Dengan mempertimbangkan tekanan yang masih terjadi, Kiwoom Sekuritas mempertahankan pandangan netral terhadap sektor konsumen non primer. Namun, Oktavianus tetap menyoroti beberapa saham menarik, di antaranya PT Astra Otoparts Tbk (AUTO) dan MAPI, dengan target harga masing-masing Rp 2.480 dan Rp 1.700.
Senada dengan Kiwoom, Equity Analyst OCBC Sekuritas, Jessica Leonardy, juga melihat prospek positif pada saham MAPI. Valuasi MAPI dinilai masih atraktif di tengah proyeksi pertumbuhan yang solid dan portofolio merek yang terdiversifikasi, sehingga OCBC Sekuritas memberikan rating *buy* dengan target harga Rp 1.800. Jessica menjelaskan bahwa segmen *active* diperkirakan tetap menjadi motor utama pertumbuhan MAPI, didukung oleh meningkatnya minat masyarakat terhadap gaya hidup sehat dan aktif, khususnya di kalangan Gen Z dan milenial. MAPI sendiri menargetkan pembukaan 450 toko MAPA baru sepanjang 2025, mayoritas di pasar domestik, dan terus memperluas portofolio merek premium dengan membawa label internasional seperti Chloé, Christian Louboutin, dan Pazzion. Kontribusi penjualan di pasar internasional juga menunjukkan peningkatan, mencapai 17,7% dari total pendapatan pada kuartal I 2025. Untuk tahun ini, pendapatan MAPI diproyeksikan naik 8,2% secara tahunan (yoy) menjadi Rp 40,95 triliun, dengan laba bersih tumbuh 12,7% yoy mencapai Rp 1,99 triliun, sementara margin laba kotor dan EBIT diperkirakan stabil di kisaran 42,7% dan 9,1%.
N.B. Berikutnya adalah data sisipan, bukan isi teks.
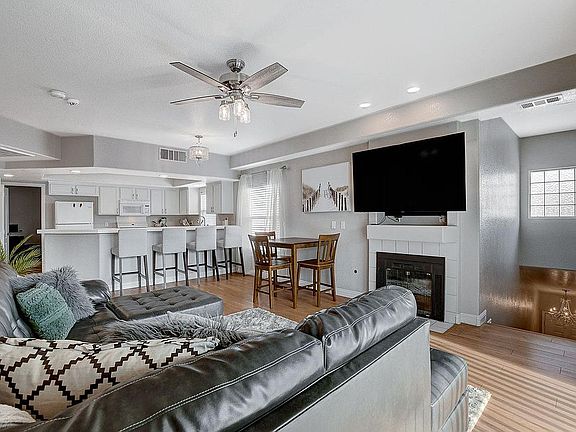 2nd image of 3609 Galatea St Unit 203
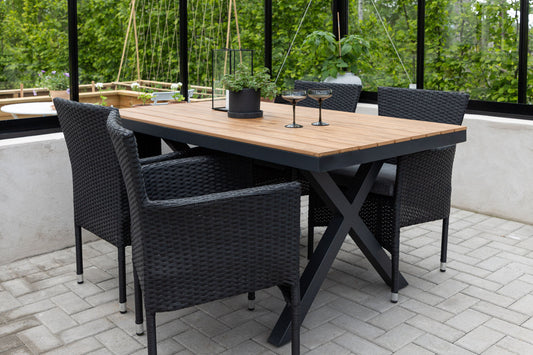 Venture Home Garcia Table with 4 Malina Chairs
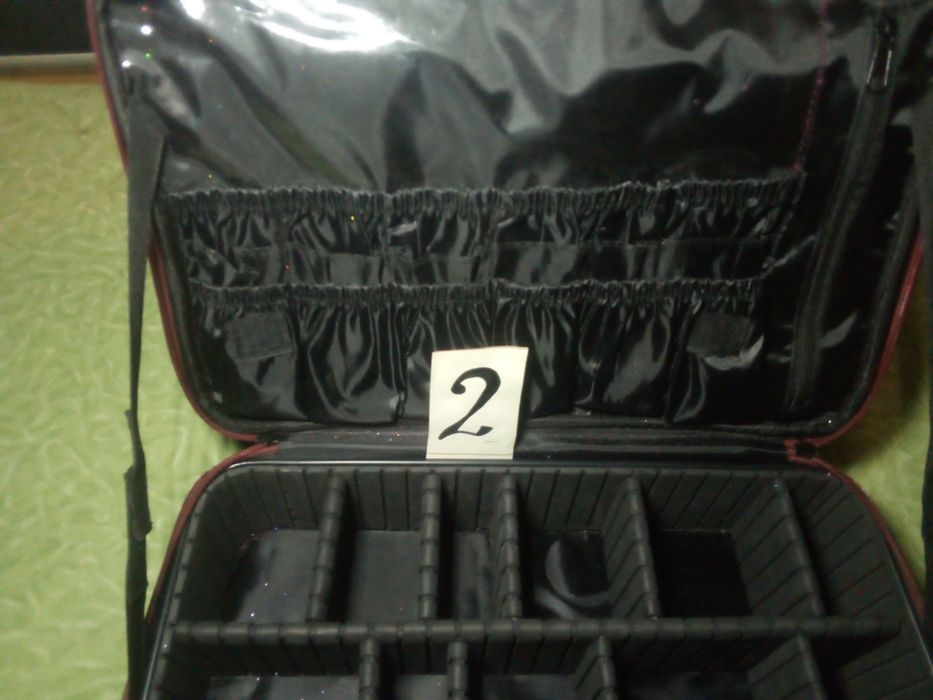 Чемодан мастера маникюра/парикмахера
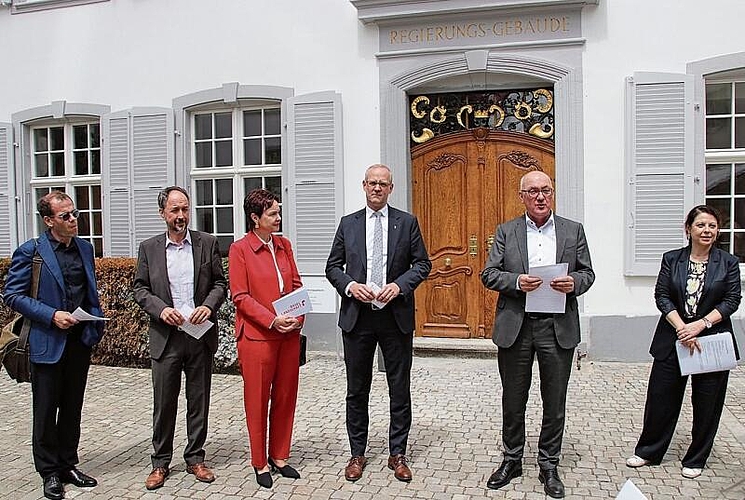 Empfang vor der strahlenden Fassade: Projektleiter Jonas Wirth, Kantonsarchitekt Marco Frigerio, Regierungspräsidentin Monica Gschwind, Landratspräsident Pascal Ryf, Regierungsrat Isaac Reber, Landschreiberin Elisabeth Heer Dietrich (v. l.). Fotos: M. Schaffner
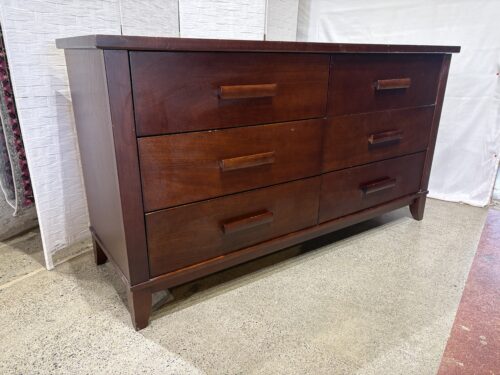 LIGNA Six Drawer Dresser with Wooden Pulls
Tidak hanya itu, Analis Bahana Sekuritas, Laras Nadira, juga melihat prospek menarik pada saham PT Sumber Alfaria Trijaya Tbk (AMRT) dan PT Midi Utama Indonesia Tbk (MIDI). AMRT dinilai memiliki posisi yang lebih defensif dibandingkan emiten *fast-moving consumer goods* (FMCG) lainnya karena kemampuannya menjangkau konsumen dengan daya beli rendah. Strategi ekspansi yang terukur dan efisiensi biaya yang terjaga turut mendorong prospek pengelola jaringan ritel Alfamart ini.
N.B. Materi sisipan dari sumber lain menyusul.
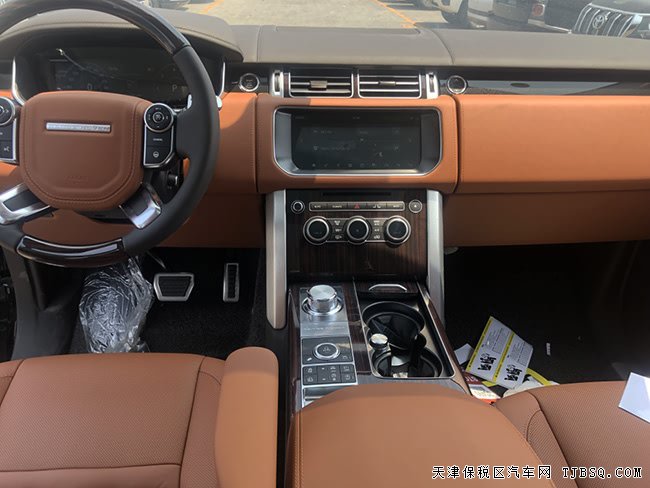 17款路虎揽胜3.0T柴油创世SV版 商务座椅/后娱现车156万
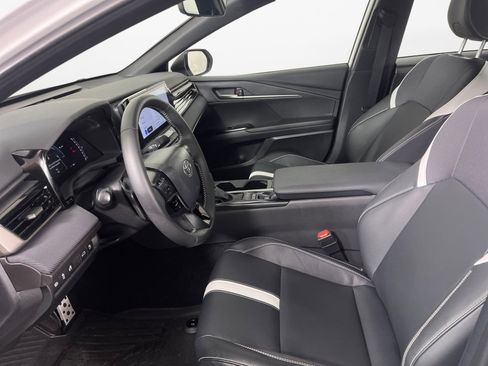 Used 2025 Toyota Camry SE image 9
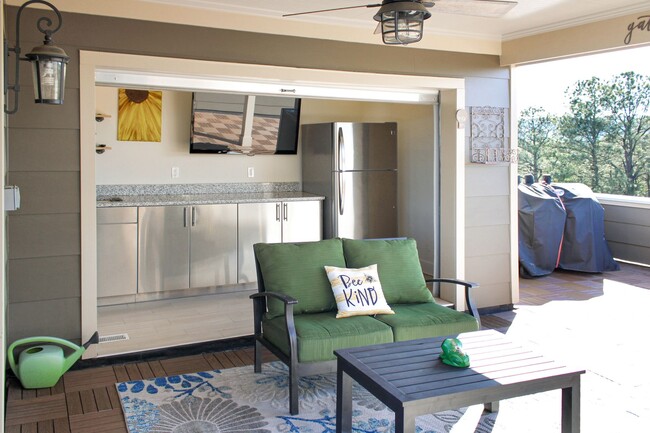 Building Photo - Rooftop terrace with fireplace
Sementara itu, untuk MIDI, keputusan perseroan keluar dari bisnis Lawson dianggap sebagai langkah strategis yang memperkuat fokus pada jaringan Alfamidi sebagai inti bisnis yang lebih menguntungkan dan *scalable*. Selain itu, margin laba kotor MIDI berhasil ditekan ke level 22,7% dari 23,3% pada kuartal I 2024. Penurunan ini terjadi meskipun perusahaan tengah melakukan relokasi dua gudang besar di wilayah luar Jawa, yang diproyeksikan akan menopang distribusi ke lebih dari 200 gerai. Bahana Sekuritas pun menaikkan target laba bersih MIDI untuk tahun 2025 menjadi Rp 758,8 miliar, atau naik 25% dari proyeksi sebelumnya, dengan estimasi laba per saham (EPS) tahun ini disesuaikan naik menjadi Rp 22,7. Dengan demikian, target harga saham MIDI ikut dinaikkan menjadi Rp 500 dari sebelumnya Rp 400, dengan rekomendasi tetap *buy*.
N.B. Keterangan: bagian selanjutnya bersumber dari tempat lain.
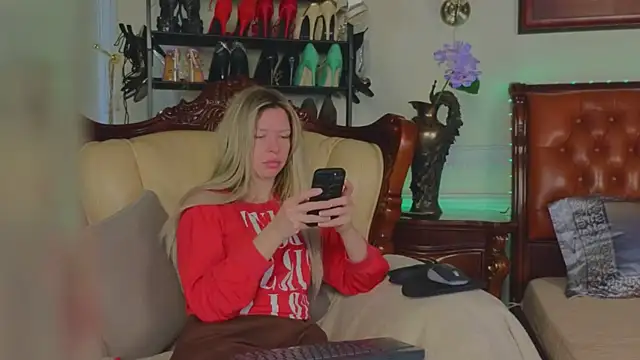 Snapshot of Real_Tini chatting on 03/20/26, 07:24 Real Tini online show from 03/20/26, 07:24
Secara keseluruhan, meskipun kinerja saham sektor *consumer cyclical* saat ini masih tertekan, ekspektasi perubahan kebijakan moneter global dan perbaikan kondisi makroekonomi domestik memberikan harapan pemulihan yang signifikan. Dengan rekomendasi saham-saham pilihan dari para analis, investor dapat mulai mempertimbangkan peluang di sektor ini saat suku bunga cenderung rendah, memposisikan diri untuk meraih potensi keuntungan di masa mendatang.